At its core, accreditation is an external peer review process designed to ensure quality. Accreditation occurs at both the institutional level and the program level. It is a stamp of approval indicating that the program or institution is meeting industry/professional standards. In this case, the athletic training program was reviewed and granted that highly coveted stamp of approval by the Commission on Accreditation of Athletic Training Education (CAATE).
Accreditation is particularly important for students as it signals to them that they are receiving a quality education—and that quality is recognized by other colleges (imperative for advanced study) as well as employers and potential employers. According to CAATE, accreditation also allows for the following:
- VCSU students are eligible to sit for the Board of Certification (BOC) exam. Students must pass the BOC exam in order to practice as an athletic trainer.
- VCSU students are eligible to participate in state, district, and national level leadership and scholarship opportunities.
- VCSU students can participate at the district and national level for the National Athletic Trainers’ Association Student Quiz Bowl. The top two teams in North Dakota compete at the district level, the top team at the district level competes at nationals. This year VCSU had five teams compete at the state level. One of our senior teams took second place but was ineligible to compete at districts because we had not yet been granted accreditation. No more!
A lot of work goes into earning and maintaining accreditation. For the VCSU athletic training program, the accreditation process started before our first class was admitted in the fall of 2012. While we were teaching and working with our rapidly growing program, faculty were simultaneously immersed in completing a three-year self-study which involved documenting evidence of meeting and exceeding compliance on over 100 standards!

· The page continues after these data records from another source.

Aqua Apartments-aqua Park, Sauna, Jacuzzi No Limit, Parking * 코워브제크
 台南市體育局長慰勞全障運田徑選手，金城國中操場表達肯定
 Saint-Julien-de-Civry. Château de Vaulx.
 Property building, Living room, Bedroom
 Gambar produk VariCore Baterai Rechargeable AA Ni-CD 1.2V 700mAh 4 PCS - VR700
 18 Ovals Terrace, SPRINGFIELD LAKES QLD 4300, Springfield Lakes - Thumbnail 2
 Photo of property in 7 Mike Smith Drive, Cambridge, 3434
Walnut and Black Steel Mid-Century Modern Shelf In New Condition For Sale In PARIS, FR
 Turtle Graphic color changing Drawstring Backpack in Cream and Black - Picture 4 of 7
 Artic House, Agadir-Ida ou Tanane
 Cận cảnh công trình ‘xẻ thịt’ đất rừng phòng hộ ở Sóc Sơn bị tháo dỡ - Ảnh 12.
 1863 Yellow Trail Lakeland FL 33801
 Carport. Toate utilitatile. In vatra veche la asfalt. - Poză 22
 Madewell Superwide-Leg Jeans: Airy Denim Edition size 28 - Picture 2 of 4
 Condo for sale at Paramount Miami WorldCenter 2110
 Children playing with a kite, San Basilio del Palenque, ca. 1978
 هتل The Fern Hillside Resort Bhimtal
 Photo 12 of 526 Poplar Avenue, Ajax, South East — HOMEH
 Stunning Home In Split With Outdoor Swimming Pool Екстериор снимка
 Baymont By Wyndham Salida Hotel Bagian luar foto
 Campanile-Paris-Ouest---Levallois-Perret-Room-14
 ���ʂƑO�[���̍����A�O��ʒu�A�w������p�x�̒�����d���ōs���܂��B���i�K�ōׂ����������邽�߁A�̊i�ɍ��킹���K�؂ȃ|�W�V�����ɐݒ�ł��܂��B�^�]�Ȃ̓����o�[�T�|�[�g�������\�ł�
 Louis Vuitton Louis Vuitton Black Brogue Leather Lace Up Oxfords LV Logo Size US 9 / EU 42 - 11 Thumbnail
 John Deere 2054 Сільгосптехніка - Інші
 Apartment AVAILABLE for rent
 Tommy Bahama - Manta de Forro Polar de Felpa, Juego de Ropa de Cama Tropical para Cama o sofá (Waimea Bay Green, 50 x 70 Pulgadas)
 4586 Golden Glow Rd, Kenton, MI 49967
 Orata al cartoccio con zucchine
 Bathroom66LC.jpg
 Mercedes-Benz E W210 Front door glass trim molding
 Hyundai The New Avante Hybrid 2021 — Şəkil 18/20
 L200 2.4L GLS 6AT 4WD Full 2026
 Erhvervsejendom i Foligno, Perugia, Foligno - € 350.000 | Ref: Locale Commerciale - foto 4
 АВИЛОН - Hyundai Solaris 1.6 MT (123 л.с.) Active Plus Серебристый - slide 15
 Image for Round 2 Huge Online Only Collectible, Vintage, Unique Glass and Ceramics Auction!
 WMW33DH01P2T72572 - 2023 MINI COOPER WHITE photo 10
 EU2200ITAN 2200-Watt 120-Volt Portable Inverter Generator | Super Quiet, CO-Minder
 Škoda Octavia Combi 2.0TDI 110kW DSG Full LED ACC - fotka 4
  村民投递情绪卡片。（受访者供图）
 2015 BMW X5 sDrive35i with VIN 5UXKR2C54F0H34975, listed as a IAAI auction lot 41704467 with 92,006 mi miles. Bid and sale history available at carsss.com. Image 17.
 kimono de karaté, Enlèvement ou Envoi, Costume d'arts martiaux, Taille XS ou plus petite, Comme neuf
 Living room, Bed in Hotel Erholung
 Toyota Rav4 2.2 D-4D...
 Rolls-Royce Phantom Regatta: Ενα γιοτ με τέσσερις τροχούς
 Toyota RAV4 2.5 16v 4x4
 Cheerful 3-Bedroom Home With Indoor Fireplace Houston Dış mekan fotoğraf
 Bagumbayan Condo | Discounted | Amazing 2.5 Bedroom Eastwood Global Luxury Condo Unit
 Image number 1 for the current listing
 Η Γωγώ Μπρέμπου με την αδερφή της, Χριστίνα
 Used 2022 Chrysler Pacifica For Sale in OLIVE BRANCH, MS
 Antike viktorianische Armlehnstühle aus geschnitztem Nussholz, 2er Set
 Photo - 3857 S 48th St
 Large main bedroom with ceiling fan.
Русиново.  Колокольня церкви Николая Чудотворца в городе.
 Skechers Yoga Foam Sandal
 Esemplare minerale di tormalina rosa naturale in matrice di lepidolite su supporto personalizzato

The self-study was followed by a site visit by the external reviewers this past February. Of the 109 standards, we had to make modifications for only two standards! Impressive. Those improvements were submitted in March and in April the CAATE Board approved and awarded VCSU initial five-year accreditation. This is especially significant as it is common practice to initially be granted three-year accreditation. The five-year status is the longest initial accreditation period awarded.
During this next five-year period, we will continue to focus on excellent teaching and learning in alignment with the CAATE standards. All accredited institutions are required to submit annual program updates to the CAATE Board to ensure our program continues to closely align with professional standards and best practices. During the 2020–21 academic year, our department will undergo an additional comprehensive review and site visit. I have no doubt that our faculty and students will continue to be shining examples of excellence in their field.
As best said by department chair Diane Burr, “This accomplishment is certainly the result of the hard-work, dedication, and meticulous attention to detail that both professors Rachelle Hunt and Sharon Bratrud have invested during this four-year period. Today we celebrate; tomorrow we begin the next leg in this journey!”
This is a great example of VCSU’s core value of quality and integrity in action: “We have high expectations for results, integrity, and positive interpersonal relations in all we do.” I am incredibly proud and excited to share another reason why it is a great day to be a Viking!